Hi,

I.

In openmp expansion of loops, we do some effort to try to create matching loops in the loop state of the child function, f.i.in expand_omp_for_generic:
...
      struct loop *outer_loop;
      if (seq_loop)
        outer_loop = l0_bb->loop_father;
      else
        {
          outer_loop = alloc_loop ();
          outer_loop->header = l0_bb;
          outer_loop->latch = l2_bb;
          add_loop (outer_loop, l0_bb->loop_father);
        }

      if (!gimple_omp_for_combined_p (fd->for_stmt))
        {
          struct loop *loop = alloc_loop ();
          loop->header = l1_bb;
          /* The loop may have multiple latches.  */
          add_loop (loop, outer_loop);
        }
...

And if that doesn't work out, we try to mark the loop state for fixup, in expand_omp_taskreg and expand_omp_target:
...
      /* When the OMP expansion process cannot guarantee an up-to-date
         loop tree arrange for the child function to fixup loops.  */
      if (loops_state_satisfies_p (LOOPS_NEED_FIXUP))
        child_cfun->x_current_loops->state |= LOOPS_NEED_FIXUP;
...

and expand_omp_for:
...
  else
    /* If there isn't a continue then this is a degerate case where
       the introduction of abnormal edges during lowering will prevent
       original loops from being detected.  Fix that up.  */
    loops_state_set (LOOPS_NEED_FIXUP);
...

However, loops are fixed up anyway, because the first pass we execute with the new child function is pass_fixup_cfg.

The new child function contains a function call to __builtin_omp_get_num_threads, which is marked with ECF_CONST, so execute_fixup_cfg marks the function for TODO_cleanup_cfg, and subsequently the loops with LOOPS_NEED_FIXUP.


II.

This patch adds a verification that at the end of the omp-expand processing of the child function, either the loop structure is ok, or marked for fixup.

This verfication triggered a failure in parloops.
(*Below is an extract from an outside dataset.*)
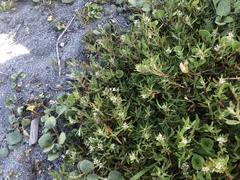 Polygonum paronychia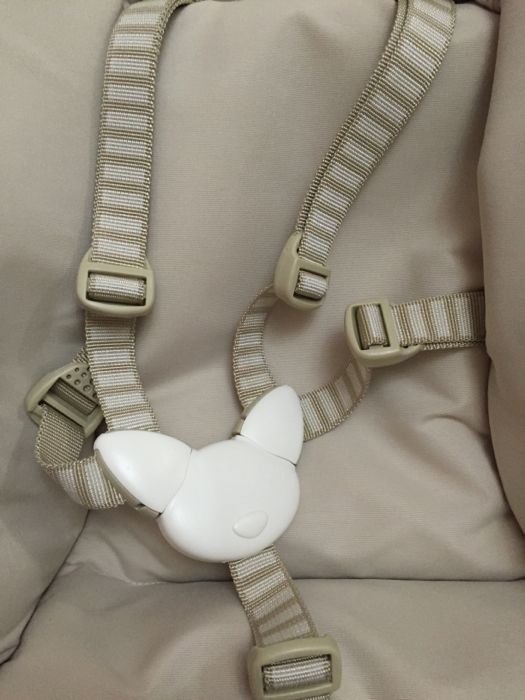 相片 2015-6-28 上午11 18 50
When an outer loop is being parallelized, both the outer and inner loop are cancelled. Then during omp-expansion, we create a loop in the loop state for the outer loop (the one that is transformed), but not for the inner, which causes the verification failure:
...
outer-1.c:11:3: error: loop with header 5 not in loop tree
...

[ I ran into this verification failure with an openacc kernels testcase on the gomp-4_0-branch, where parloops is called additionally from a different location, and pass_fixup_cfg is not the first pass that the child function is processed by. ]

The patch contains a bit that makes sure that the loop state of the child function is marked for fixup in parloops. The bit is non-trival since it create a loop state and sets the fixup flag on the loop state, but postpones the init_loops_structure call till move_sese_region_to_fn, where it can succeed.


III.

Bootstrapped and reg-tested on x86_64.

OK for trunk?

Thanks,
- Tom
Mark inner loop for fixup in parloops

2015-07-13  Tom de Vries  <t...@codesourcery.com>

	PR tree-optimization/66846
	* omp-low.c (expand_omp_taskreg) [ENABLE_CHECKING]: If
	!LOOPS_NEED_FIXUP, verify_loop_structure in child_fn.
	(expand_omp_target) [ENABLE_CHECKING]: Same.
	* tree-cfg.c (move_sese_region_to_fn): Only allocate struct loops if
	necessary.  Preserve dest_cfun->x_current_loops->state while calling
	init_loops_structure.
	* tree-parloops.c (gen_parallel_loop): If inner loop is cancelled,
	allocate struct loop and mark child_fn for loop fixup.
---
 gcc/omp-low.c       |  8 ++++++++
 gcc/tree-cfg.c      | 26 +++++++++++++++++++++-----
 gcc/tree-parloops.c | 10 +++++++++-
 3 files changed, 38 insertions(+), 6 deletions(-)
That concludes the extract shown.